Book Review: Comes A Horseman

It's CSI:Christian Book Association. It's an ensemble cast. It's a tense mystery, following a Norse murderer and his pack of hybrid wolfdogs from one beheaded victim to the next. It's a techo-thriller, unveiling machinery and techniques for gathering crime scene evidence and tracking the serial killer who has brought all of our players together for this story.

Robert Liparulo's Comes A Horseman (copyright 2005, WestBow Press) is full of what makes a marketable novel - a very bad situation fills the lives of people going through real enough problems without having to go through this, too. The book opens with Brady Moore spending some time with his young son Zach, both still grieving the death of Brady's wife, Zach's mom. A faith in God is hinted at, but there's nowhere to go with it - perhaps God has better things to do than protect these two, than to preserve the love of their lives. Questions and doubts are already a part of the picture, when another murder, another serial killer's mark, is reported, and Moore must now leave to find the bad guy - packing his suitcase, bringing along his doubts and questions.

His partner is already on the scene. Alicia Wagner gets to wear the "Robocop suit", digitizing the crime scene, playing up feminist tendencies in front of the male-dominated local police. Meanwhile, the murderous hunter with the Norse-like accent and three hybrid killer dogs is leaving this house and migrating to his next victim, an unsuspecting boy - he's feeling mercy towards the child even as he's planning to kill him quickly and painlessly. The story continues cross-country, across the inner emotional ties of the characters, as the reader discovers over the pages what's really important: what is going on here?
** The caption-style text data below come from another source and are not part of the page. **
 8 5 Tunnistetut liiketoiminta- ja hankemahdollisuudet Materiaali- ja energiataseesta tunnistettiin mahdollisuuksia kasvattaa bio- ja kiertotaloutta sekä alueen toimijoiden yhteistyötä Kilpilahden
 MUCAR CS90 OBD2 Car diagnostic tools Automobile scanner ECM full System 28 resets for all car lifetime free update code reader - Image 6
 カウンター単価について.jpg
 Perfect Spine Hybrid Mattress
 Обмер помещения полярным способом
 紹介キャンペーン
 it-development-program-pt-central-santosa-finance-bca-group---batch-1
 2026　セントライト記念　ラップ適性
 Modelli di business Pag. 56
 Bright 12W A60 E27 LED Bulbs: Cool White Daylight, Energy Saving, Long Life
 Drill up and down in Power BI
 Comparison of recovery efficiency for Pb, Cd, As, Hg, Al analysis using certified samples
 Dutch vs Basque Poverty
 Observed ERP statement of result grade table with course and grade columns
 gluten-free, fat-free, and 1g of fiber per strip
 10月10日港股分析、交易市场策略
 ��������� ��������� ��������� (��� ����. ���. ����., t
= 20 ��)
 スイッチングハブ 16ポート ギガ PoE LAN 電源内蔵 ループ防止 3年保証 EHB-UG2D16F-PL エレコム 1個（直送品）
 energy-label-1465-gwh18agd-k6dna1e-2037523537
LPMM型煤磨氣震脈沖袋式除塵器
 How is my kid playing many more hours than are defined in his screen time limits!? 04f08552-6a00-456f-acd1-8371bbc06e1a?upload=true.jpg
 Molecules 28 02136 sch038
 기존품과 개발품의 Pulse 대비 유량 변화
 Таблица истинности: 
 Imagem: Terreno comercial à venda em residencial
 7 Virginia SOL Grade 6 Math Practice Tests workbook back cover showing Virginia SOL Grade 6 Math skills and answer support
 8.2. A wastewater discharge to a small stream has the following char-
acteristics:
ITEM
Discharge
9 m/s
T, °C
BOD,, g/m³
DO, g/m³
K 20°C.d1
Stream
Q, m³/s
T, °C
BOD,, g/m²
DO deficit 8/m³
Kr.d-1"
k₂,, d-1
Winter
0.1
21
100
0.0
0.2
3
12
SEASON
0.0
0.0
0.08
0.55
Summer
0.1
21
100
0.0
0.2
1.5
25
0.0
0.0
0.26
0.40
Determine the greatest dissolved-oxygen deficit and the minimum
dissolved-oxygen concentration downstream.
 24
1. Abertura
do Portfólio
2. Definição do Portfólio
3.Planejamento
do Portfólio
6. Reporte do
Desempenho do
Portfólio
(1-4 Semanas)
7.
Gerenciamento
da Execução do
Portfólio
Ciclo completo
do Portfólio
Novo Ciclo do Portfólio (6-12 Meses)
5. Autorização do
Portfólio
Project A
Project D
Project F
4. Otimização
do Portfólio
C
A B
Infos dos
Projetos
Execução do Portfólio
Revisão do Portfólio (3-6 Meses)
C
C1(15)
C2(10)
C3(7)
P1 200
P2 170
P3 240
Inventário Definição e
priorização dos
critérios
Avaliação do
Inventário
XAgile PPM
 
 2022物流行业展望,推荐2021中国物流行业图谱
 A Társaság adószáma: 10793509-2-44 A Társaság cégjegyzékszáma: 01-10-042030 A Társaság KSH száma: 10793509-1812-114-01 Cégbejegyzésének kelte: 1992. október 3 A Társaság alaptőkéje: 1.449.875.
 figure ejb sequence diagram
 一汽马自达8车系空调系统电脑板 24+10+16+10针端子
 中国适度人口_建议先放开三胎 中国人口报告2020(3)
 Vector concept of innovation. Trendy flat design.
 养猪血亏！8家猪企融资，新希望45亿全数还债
Today's thriller isn't as concerned with whodunit as it is with whydunit - we know who the killer is, but what motivates him? Why does he do what he does? How are his victims predestined for gruesome ends, and what drives him into this place of death and brutality? And we're concerned not so much with the clues to the case as we are with the clues into the lives of the protagonists. Why do they do what they do? How will Moore ultimately deal with the death of his wife, and how will he connect with his also-grieving son? How will Wagner and the others fit into this, as friends and as co-workers with unique insights to the machinery of the investigation and unique insights into the life of their friend? Liparulo does a good job with the prose, the mood and the tempo to make us want to find those answers, want to keep reading, want to keep caring.